Flashlamp-excited organic dye lasers

Abstract

The flashlamp-excited dye laser is presently the only type of laser capable of tunable emission throughout most of the visible spectrum. Gain and power output of the device are comparable to solid-state systems although the laser performance is hindered by thermal effects, produced by spatially nonuniform excitation of the dye, and optical losses associated with the molecular triplet state. In most of the known laser dyes, steady-state lasing is prevented by triplet state effects. The analysis of the gain of the dye laser is discussed in terms of the singlet-state absorption and fluorescence and triplet-state absorption spectra.
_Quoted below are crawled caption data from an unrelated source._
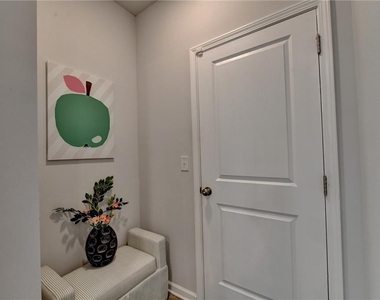 3828 Amicus Drive - Photo Thumbnail 20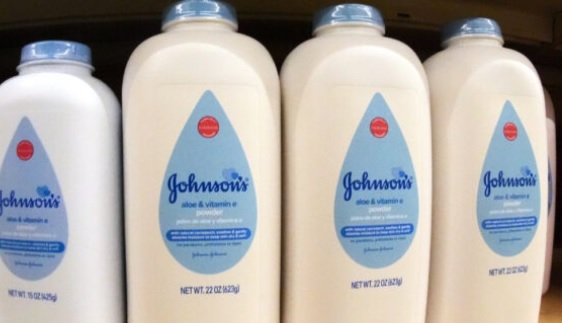 “Il Talco è cancerogeno”, Johnson & Johnson pagherà 5,5 miliardi di dollari: raggiunto l’accordo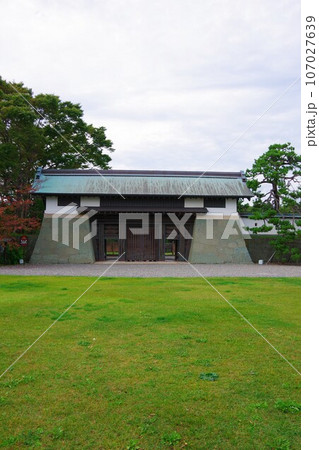 北海道松前町　松前城　本丸御門 107027639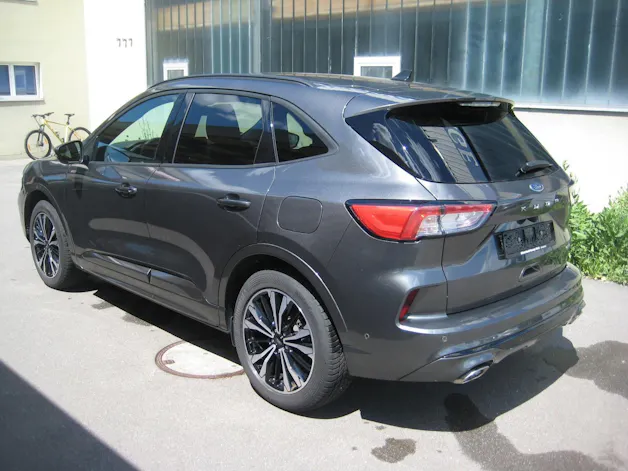 Ford Kuga 2.5 FHEV ST-Line X 4WD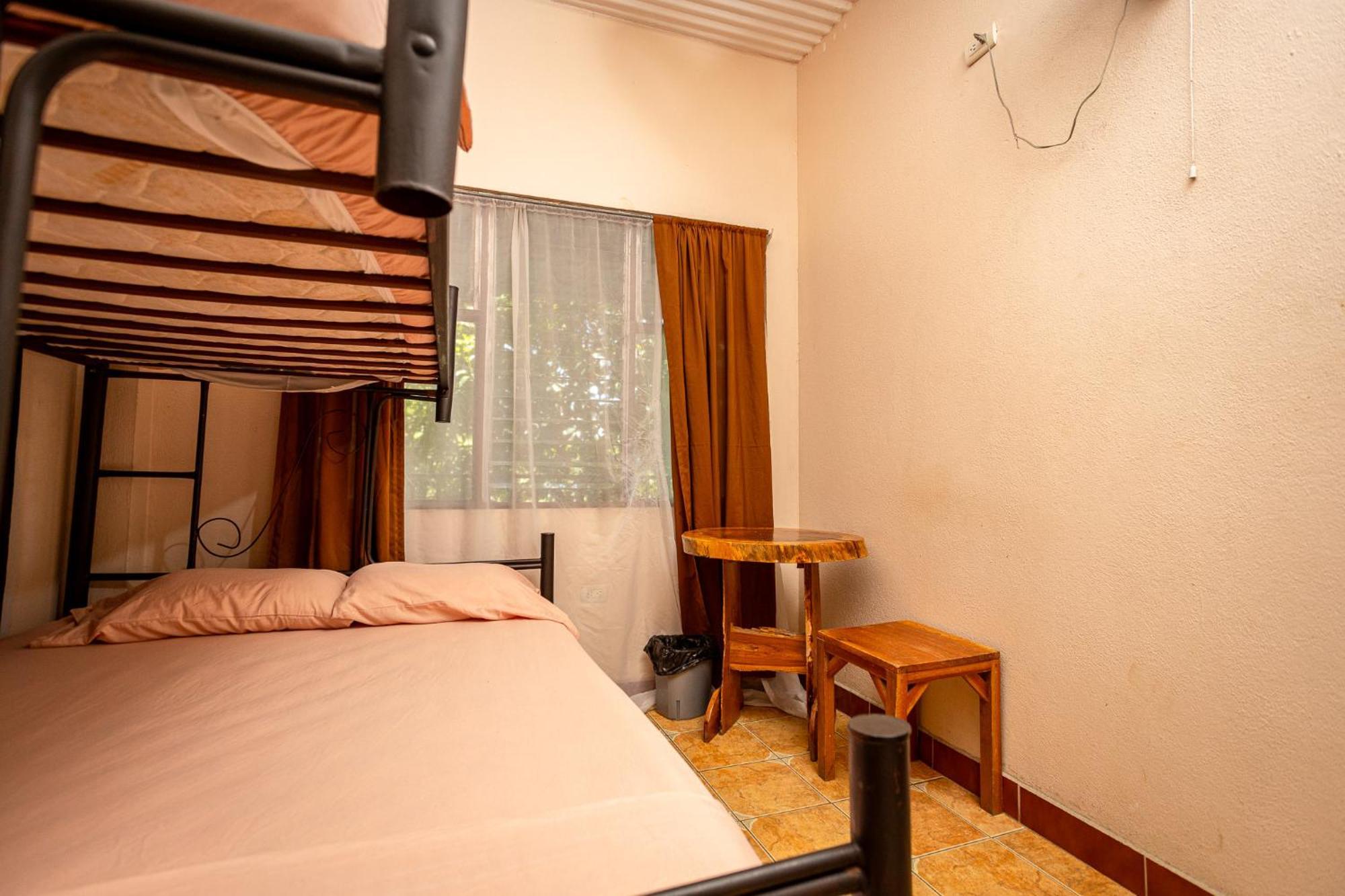 Manuel Antonio Hostel Екстер'єр фото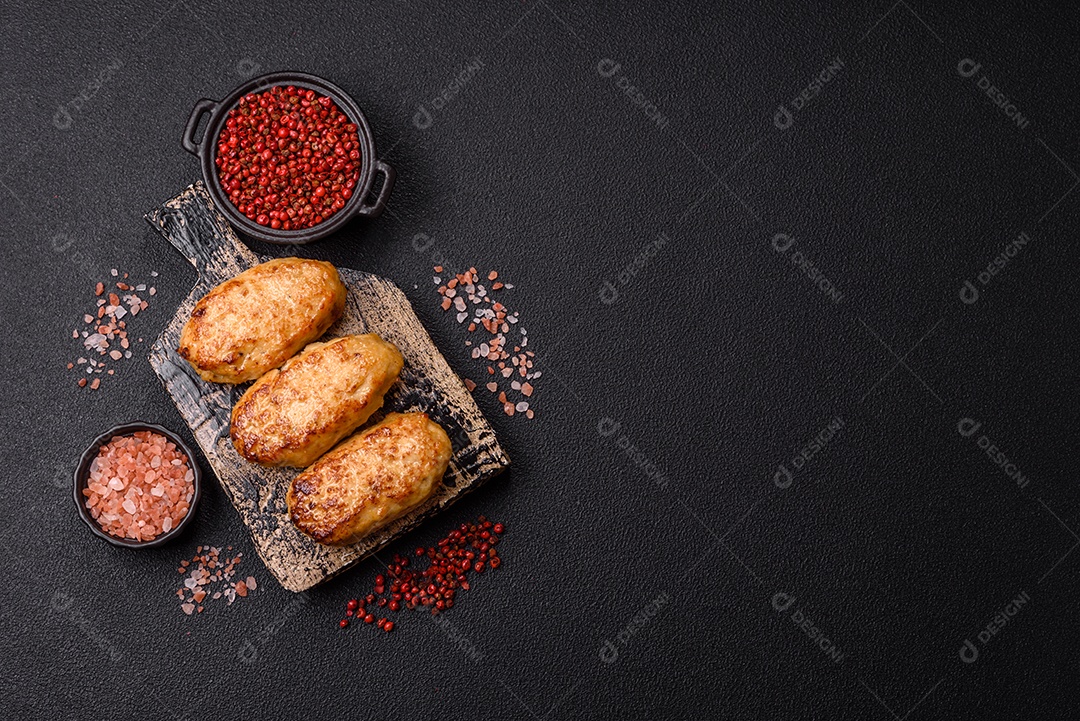 A imagem mostra bolinhos de peixe (fish cutlets), um prato popular em diversas culinárias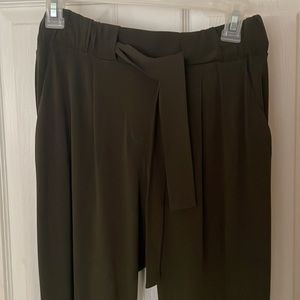 Like new Express pants, small olive green, elastic drawstring waist- gorgeous!!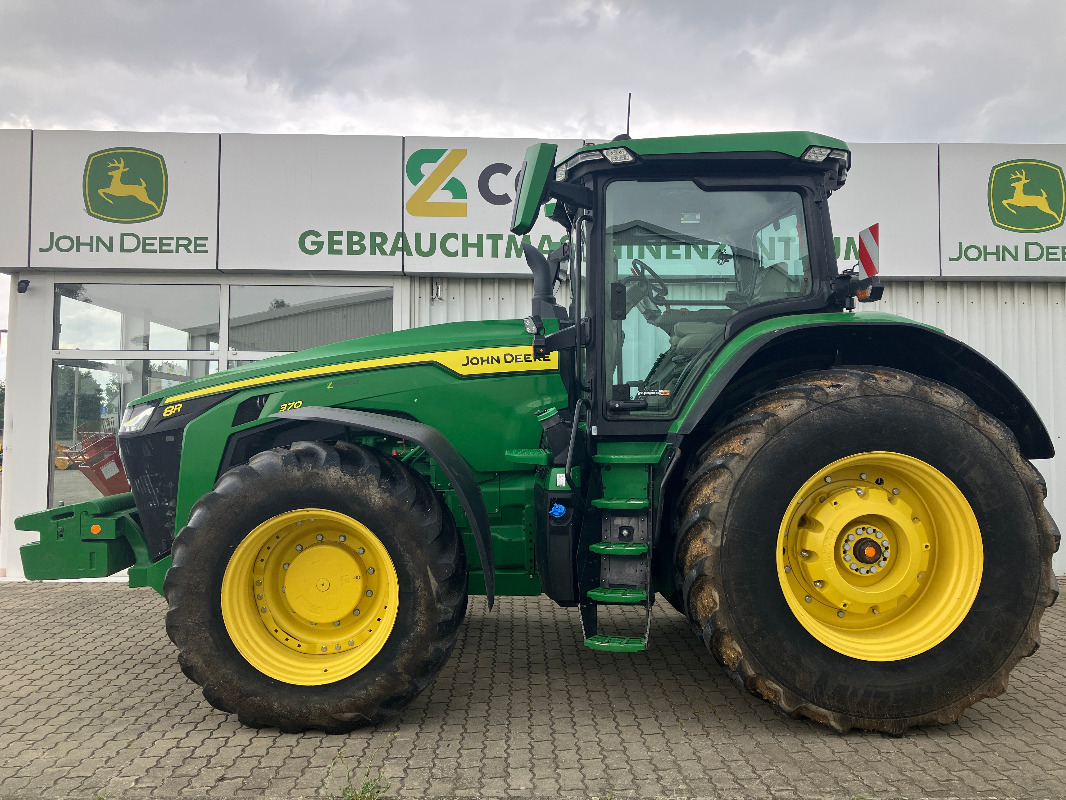 Трактор John Deere 8R370: снимка 8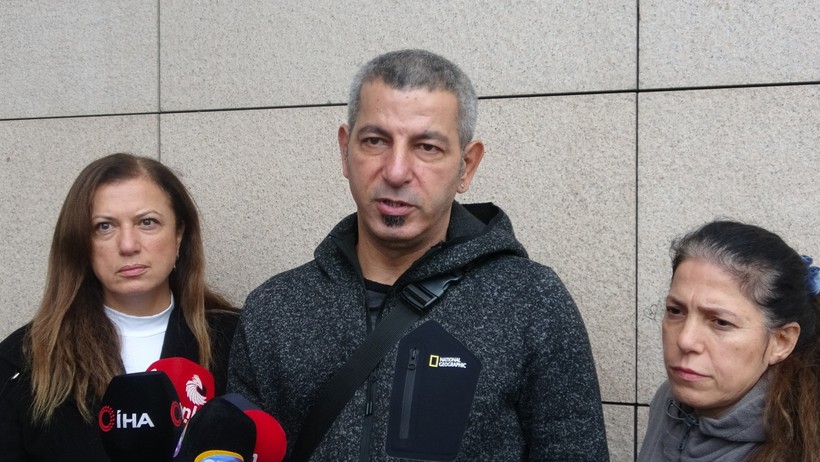 Tartışan çifti ayırırken kalbinden bıçaklandı! Korkunç olay kameraya yansıdı - Resim : 1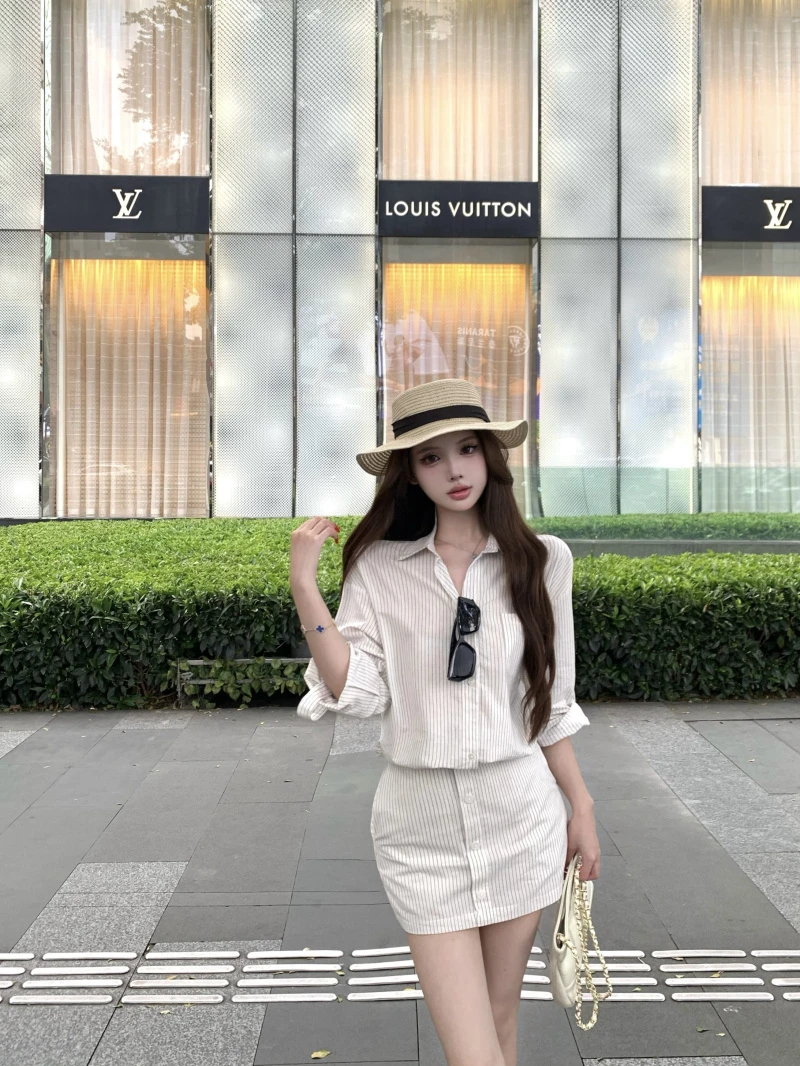 老钱风腔调感条纹长袖衬衫女夏季气质a字显瘦短裙套装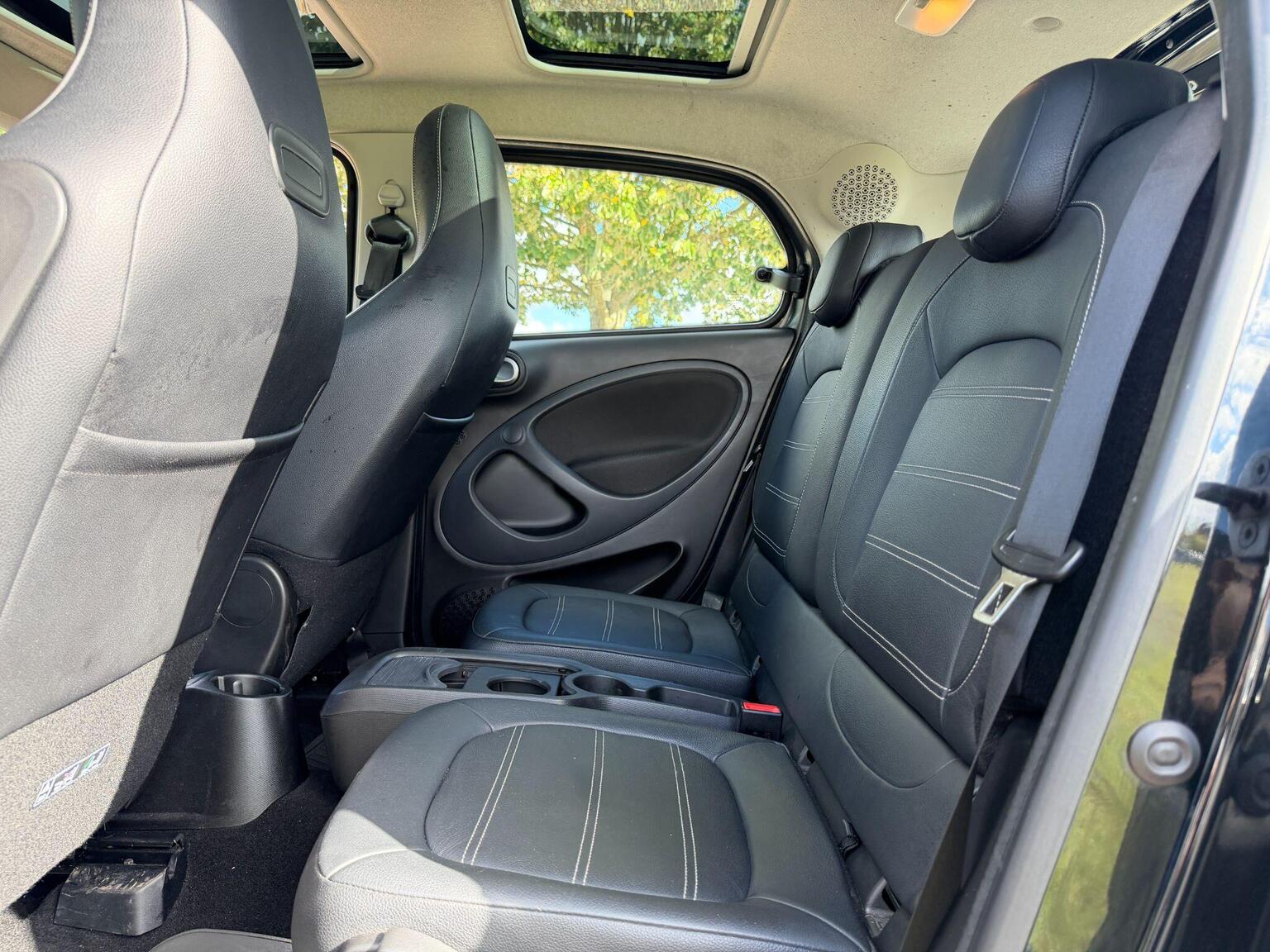 2017 Smart forfour image 27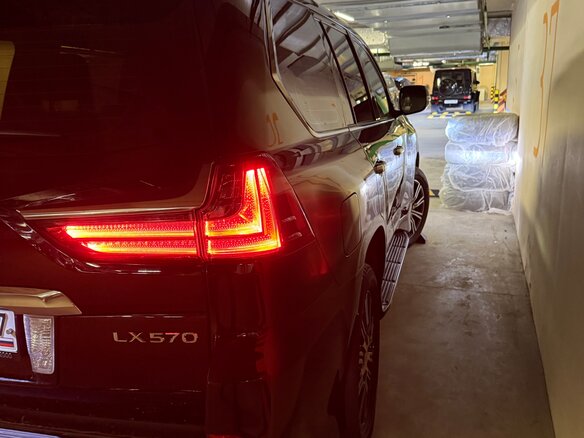 2016 Lexus LX 570 III Рестайлинг 2, чёрный, 6950000 рублей - вид 9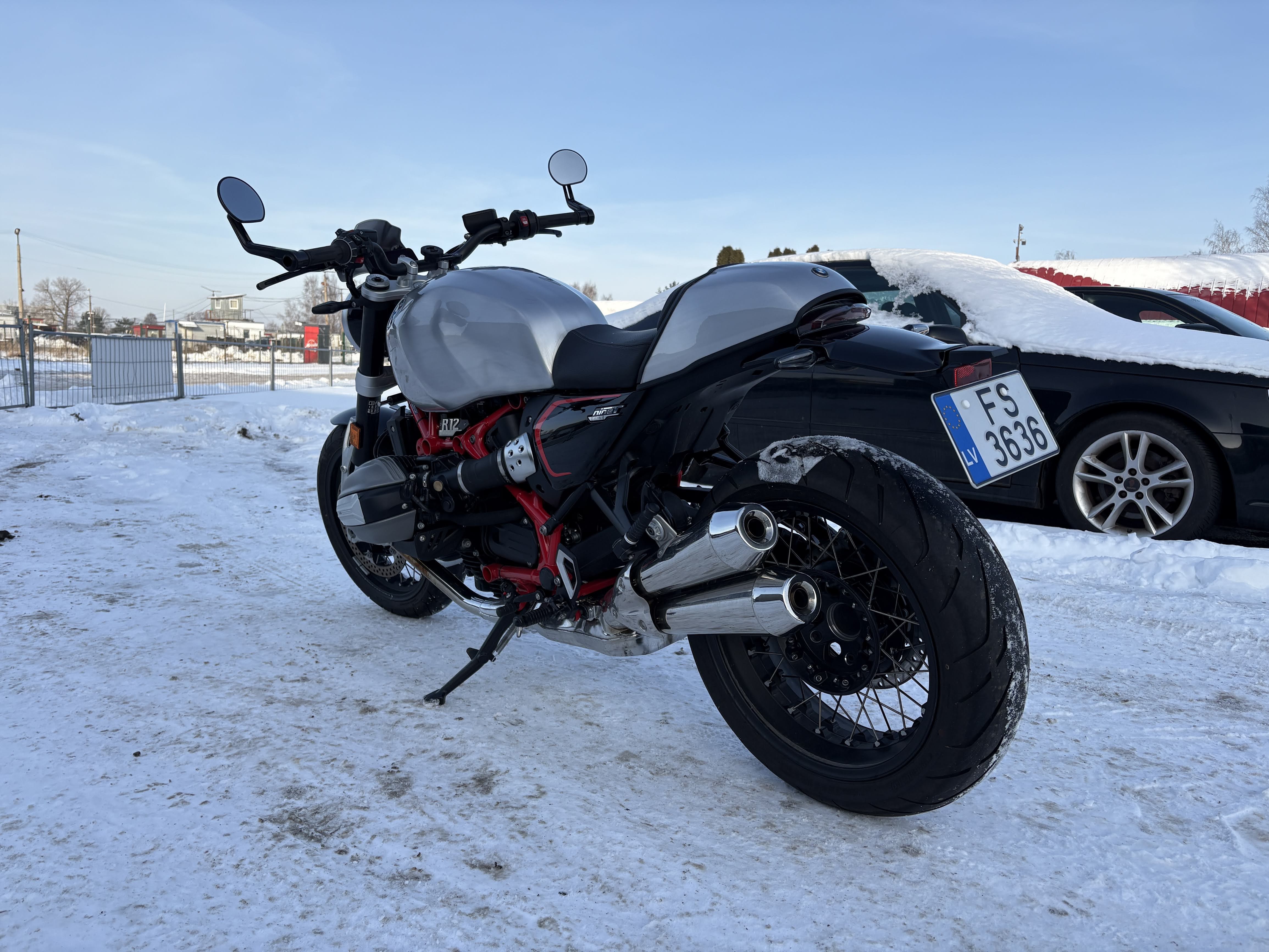 Car: BMW R 12 NINET
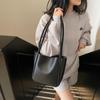 Bolso de gran capacidad y combinable, nuevo bolso de mujer 2025, bolso de mano vintage de moda, bolso de hombro tipo nicho, bolso de hombro bajo el brazo.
The gain analysis is used to study the influence of the triplet state upon the critical inversion, and application of the analysis to a specific system is illustrated by the detailed discussion of the rhodamine 6G laser. A criterion for the maximum permissible triplet-state lifetime consistent with CW operation is given. The quenching of the triplet state of rhodamine 6G is shown to be rapid enough to allow CW operation, although thermal effects seem to be serious. The investigation of thermal effects is reviewed and the advantages of uniform excitation of the dye are pointed out. The minimum optical excitation power required for CW operation of a 7-cm-long rhodamine 6G laser of 2 mm diameter is estimated to be 850 watts neglecting thermal effects. A catalog of dyes, with their structures, that have been used in flashlamp-excited dye lasers is given. Various methods of tuning and mode locking the dye laser are reviewed. With a single dye a tuning range of 40 nm may be obtained by substituting a diffraction grating for one of the laser mirrors. Mode locking can be produced by placing a saturable dye absorber in the cavity.